[DATA EXCERPTS]
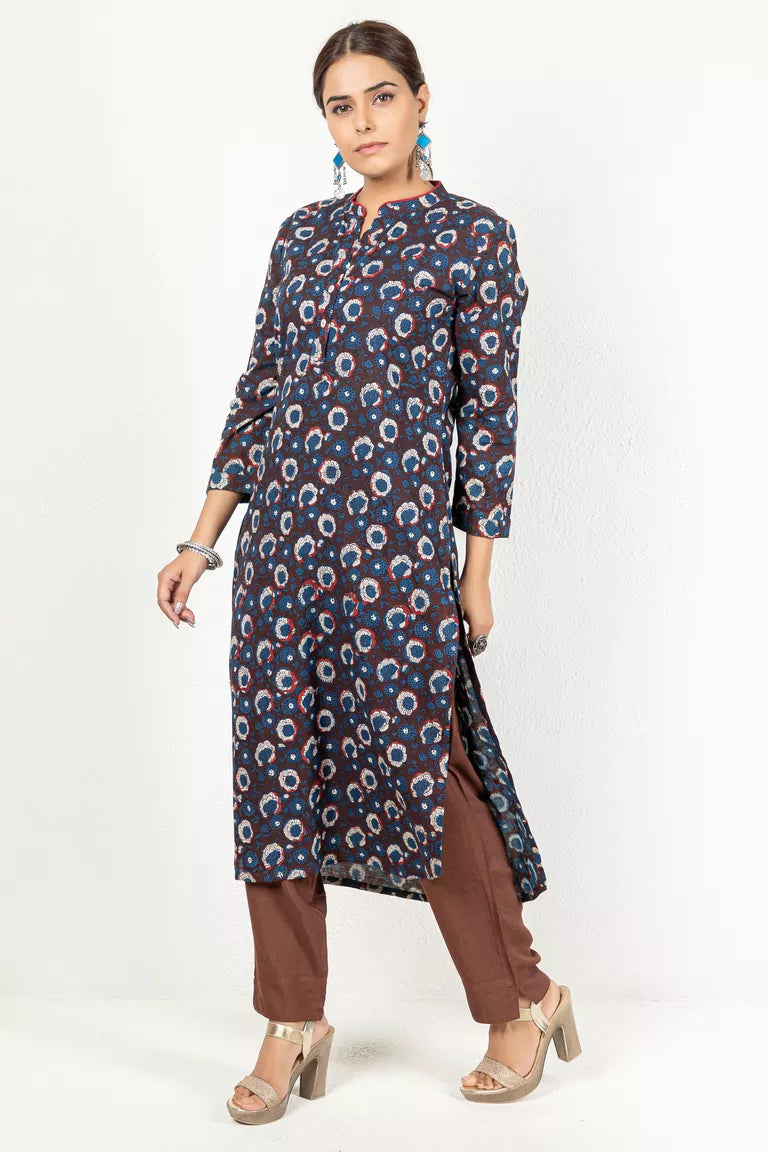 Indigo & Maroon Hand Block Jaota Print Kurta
--
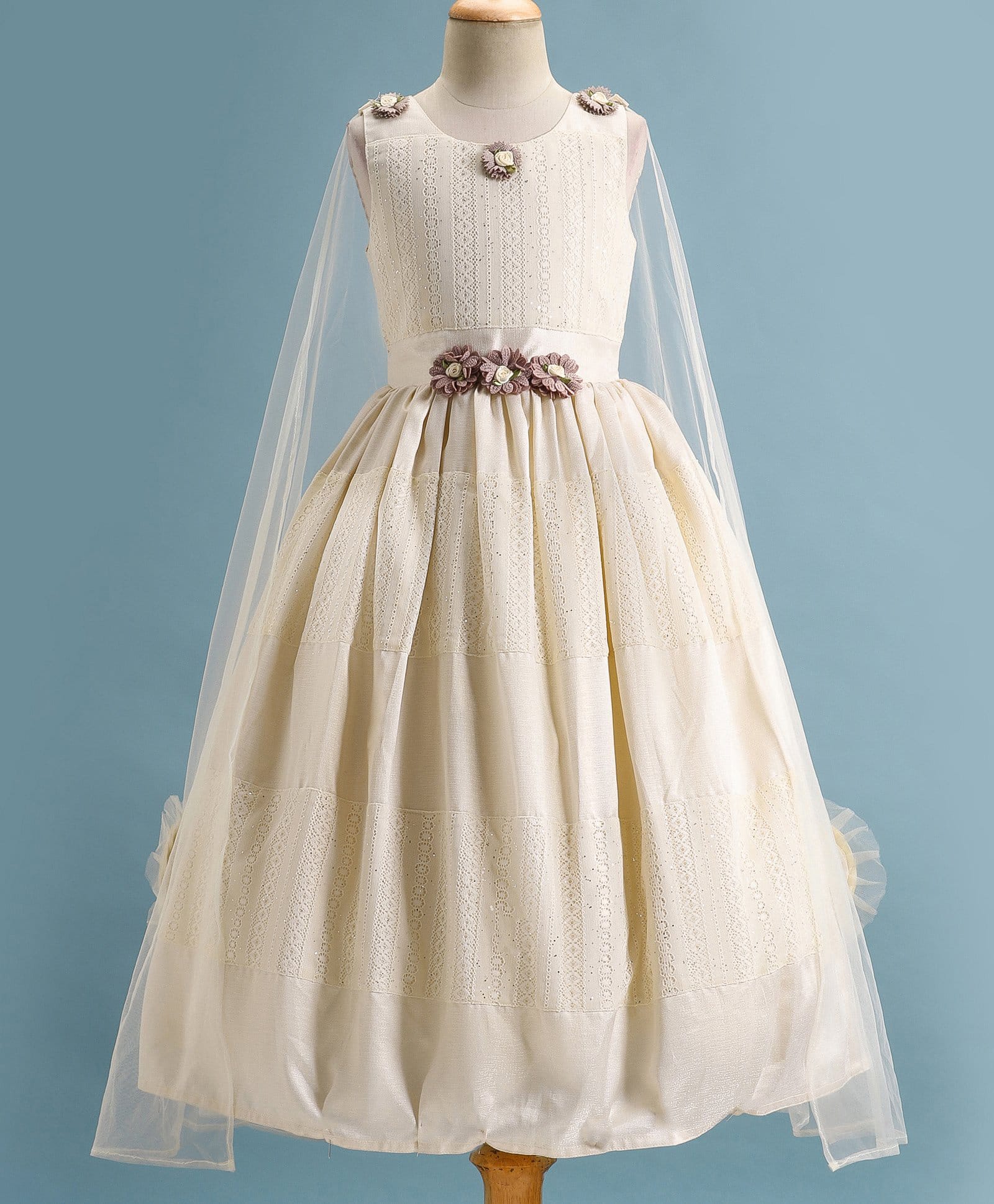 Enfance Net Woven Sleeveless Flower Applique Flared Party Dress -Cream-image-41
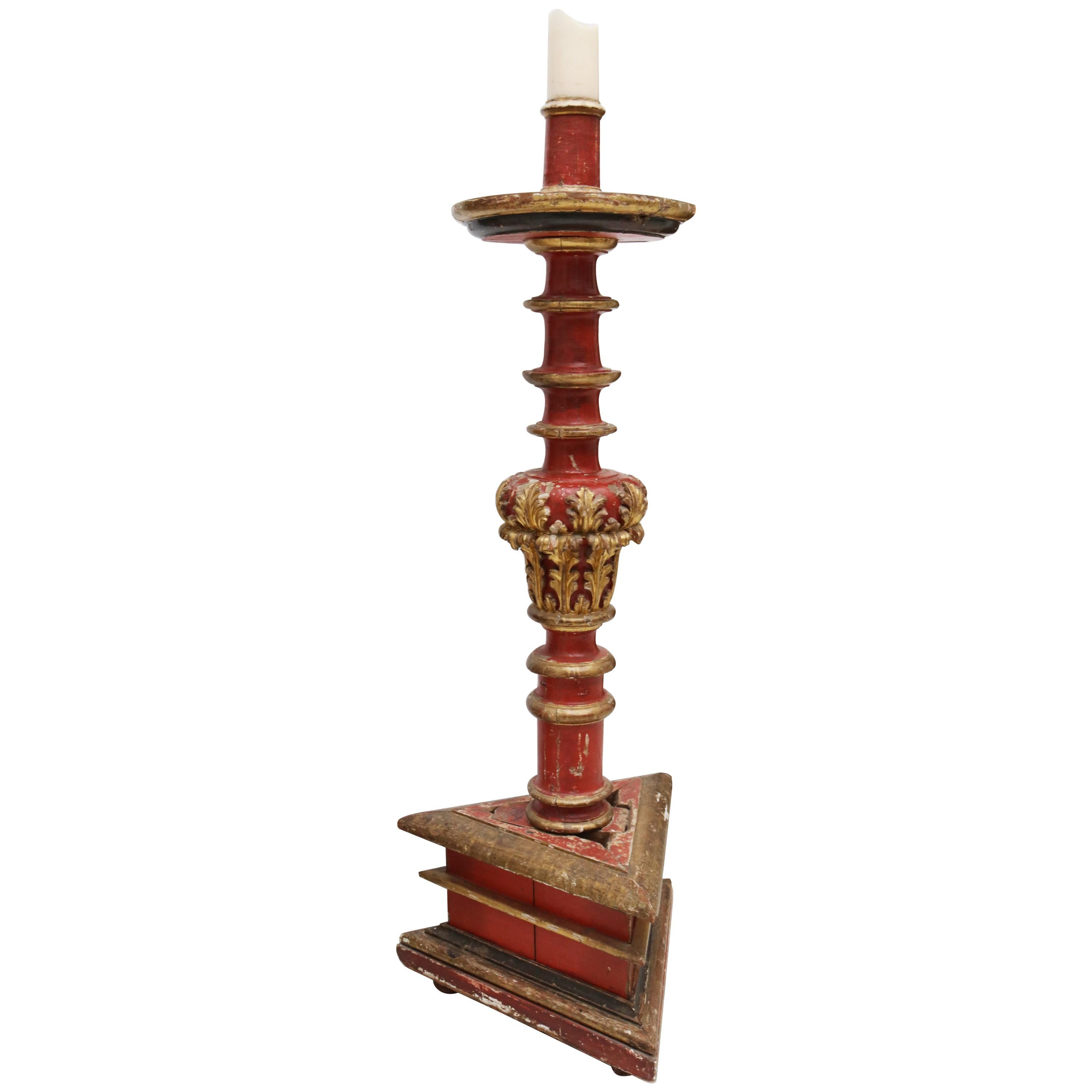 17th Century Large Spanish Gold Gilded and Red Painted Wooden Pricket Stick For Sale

[PROBLEM REQUIREMENTS] Start with the line above containing "Enfance Net Woven" and end with the line containing "17th Century Large". Set down that stretch exactly, without any pictures.

[ANSWER BELOW]
 Enfance Net Woven Sleeveless Flower Applique Flared Party Dress -Cream-image-41
 17th Century Large Spanish Gold Gilded and Red Painted Wooden Pricket Stick For Sale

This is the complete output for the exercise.